Many sectors of science and industry rely on spectroscopy to obtain accurate information about objects of interest. Infrared spectroscopy plays a critical role in the field of chemistry as it can provide data about different molecules.
The most advanced research method available for now is able to make up to 1 million observations ber second. A team from the University of Tokyo has managed to develop a new technique that could boost the number of possible observations by up to 100 times.
More common than it seems
Infrared spectroscopy is employed in a large number of applications, from exploring the climate to evaluating the quality of select food, as it offers the ability to identify what molecules can be found in a sample of a substance and with significant accuracy in comparison to the use of other methods.

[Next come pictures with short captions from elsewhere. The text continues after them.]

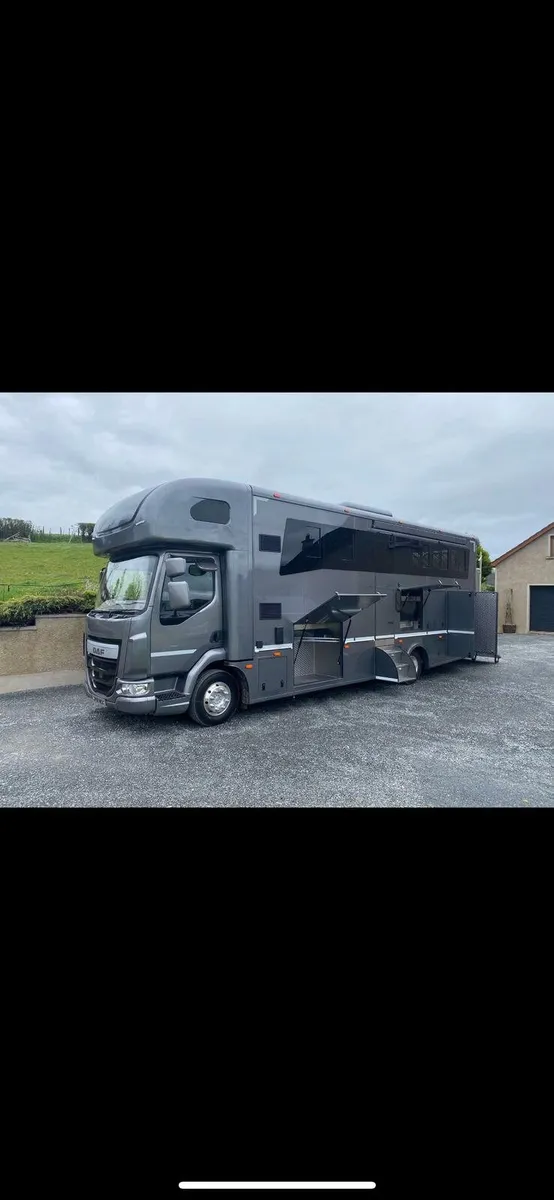 New & Used Stallion Stalls - Image 3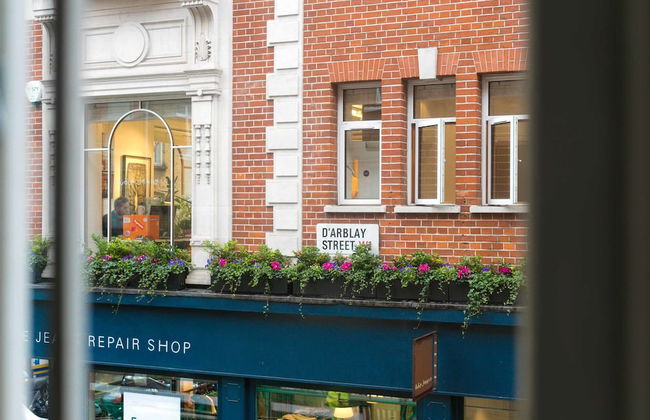 D'Arblay Street - Photo 23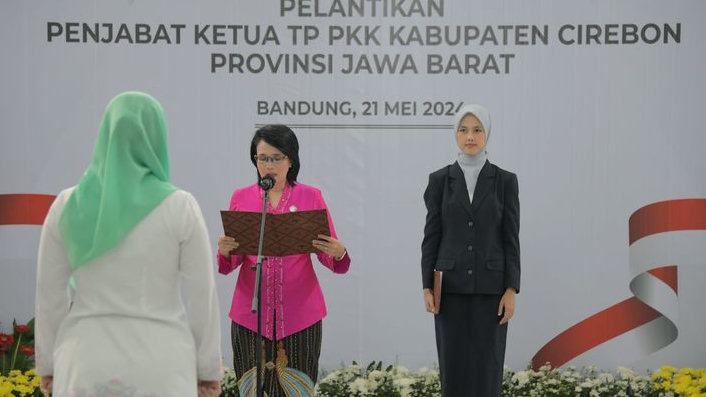 Lantik Pj Ketua TP PKK Kabupaten Cirebon, Amanda Soemedi: Perempuan Makhluk "Multitasking" Berperan Luas di Masyarakat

When infrared light is projected on a sample, the components of the sample alter the way in which the light is received, as it can be allowed to pass or reflected. This reaction is used to create a chemical fingerprint of the sample, which is also known as a spectra.
Faster and more accurate
The new method, which is known under the name of time-stretch infrared spectroscopy, is up to 100 times faster in comparison to the older method, which hit a sensibility cap. For reference, the new method can measure in second what would have required more than two years with the method used 50 years ago.
By stretching a very short pulse laser pulse released by a sample, a detector and other hardware tools have more time to analyze it, a feat which is available thanks to the presence of a quantum cascade detector.
According to one of the researchers who contributed to the project, the new method could be used across many scientific fields and even contribute to the development of new ones.